April 4 (Bloomberg) -- West Texas Intermediate crude gained a second day after government data showed the U.S., the world’s biggest oil consumer, added jobs in March. Brent rose, paring a weekly loss amid concern about Libyan exports.
Futures advanced as much as 1 percent in New York, trimming their first weekly decline in three. Employers in the U.S. boosted payrolls and the unemployment rate held at 6.7 percent even as more Americans entered the workforce, Labor Department data showed today. Rebels blocking shipments from Libya’s east said they’re ready to reopen oil ports, signaling a possible recovery in supply from the OPEC nation.
“The most important thing of the day” for the oil market is the nonfarm payrolls data, Hans van Cleef, an energy economist at ABN Amro Bank NV, said by phone from Amsterdam. “The U.S. economy is still doing much better than Europe.”
WTI for May delivery added as much as 95 cents to $101.24 a barrel in electronic trading on the New York Mercantile Exchange, and traded at $101.12 at 1:35 p.m. London time. The contract rose 67 cents to $100.29 yesterday. Prices dropped 0.6 percent this week.
Brent for May settlement rose 39 cents to $106.54 a barrel on the London-based ICE Futures Europe exchange. The contract is down 1.4 percent this week. The European benchmark crude was at a premium of $5.42 to WTI. The spread closed at $5.86 yesterday, widening for the first time in seven days.
Payrolls rose 192,000 last month after a 197,000 gain in February that was larger than first estimated, the Labor Department reported today in Washington.
Rebels in Libya’s east indicated that four terminals could be reopened in 24 to 48 hours, Sliman Qajam, a member of the government’s energy committee, said in Tripoli yesterday. Production from the holder of Africa’s largest crude reserves fell to 250,000 barrels a day last month from 1.4 million a year earlier because of unrest, Bloomberg surveys of analysts and producers show.
“The Libyan negotiations are one of those geopolitical situations that has a clear and present impact on oil,” said Ric Spooner, a chief strategist at CMC Markets in Sydney. “The capacity is there, it’s just a matter if it’s going to be turned on or off and it can happen quite quickly.”

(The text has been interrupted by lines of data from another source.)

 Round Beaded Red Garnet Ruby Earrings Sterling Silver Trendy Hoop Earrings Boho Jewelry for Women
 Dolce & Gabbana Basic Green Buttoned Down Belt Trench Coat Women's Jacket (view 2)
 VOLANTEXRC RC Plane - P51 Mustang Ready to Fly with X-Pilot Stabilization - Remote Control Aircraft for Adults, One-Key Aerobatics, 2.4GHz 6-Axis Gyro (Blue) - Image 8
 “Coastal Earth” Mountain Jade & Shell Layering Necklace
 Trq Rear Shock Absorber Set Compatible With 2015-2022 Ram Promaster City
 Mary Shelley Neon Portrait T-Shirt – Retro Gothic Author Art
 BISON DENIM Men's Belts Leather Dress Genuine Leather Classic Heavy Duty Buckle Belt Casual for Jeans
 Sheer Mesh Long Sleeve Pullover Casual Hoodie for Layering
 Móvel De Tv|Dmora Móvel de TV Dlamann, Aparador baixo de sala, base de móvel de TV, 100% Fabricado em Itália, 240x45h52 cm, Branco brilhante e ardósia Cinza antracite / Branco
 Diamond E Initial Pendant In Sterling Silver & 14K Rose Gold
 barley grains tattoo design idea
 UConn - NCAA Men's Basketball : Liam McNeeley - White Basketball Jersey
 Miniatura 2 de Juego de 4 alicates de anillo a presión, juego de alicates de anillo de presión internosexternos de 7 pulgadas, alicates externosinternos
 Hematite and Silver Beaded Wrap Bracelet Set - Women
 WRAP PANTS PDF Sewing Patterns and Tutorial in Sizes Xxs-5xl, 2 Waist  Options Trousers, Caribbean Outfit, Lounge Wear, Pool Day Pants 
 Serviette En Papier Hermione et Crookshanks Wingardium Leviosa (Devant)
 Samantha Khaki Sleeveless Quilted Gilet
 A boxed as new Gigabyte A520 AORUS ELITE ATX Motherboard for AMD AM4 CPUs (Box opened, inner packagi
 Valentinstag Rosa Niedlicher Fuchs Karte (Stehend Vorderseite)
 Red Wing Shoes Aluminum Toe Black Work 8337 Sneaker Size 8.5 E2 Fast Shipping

The Organization of Petroleum Exporting Countries will boost crude exports to meet demand from Asian refineries, according to Oil Movements. Shipments are estimated to climb by 10,000 barrels a day to 23.9 million in the four weeks through April 19, the consultant in Halifax, England, said yesterday. Its data excludes Angola and Ecuador.
“The market was pricing a bit of hope that Libya would restart exports, but whether that will be followed by an actual increase in exports is the big question,” said ABN Amro’s van Cleef. “We’ve seen signals earlier they’d restart, but every time something came in between and they weren’t able to.”
WTI may drop next week amid speculation that U.S. crude stockpiles will increase, a separate Bloomberg poll shows. Eighteen of 28 analysts and traders, or 64 percent, predict futures will decline through April 11 while six respondents forecast a price gain.
Crude inventories shrank by 2.4 million barrels to 380.1 million in the seven days ended March 28, the first decrease in 11 weeks, according to the Energy Information Administration, the Energy Department’s statistical arm.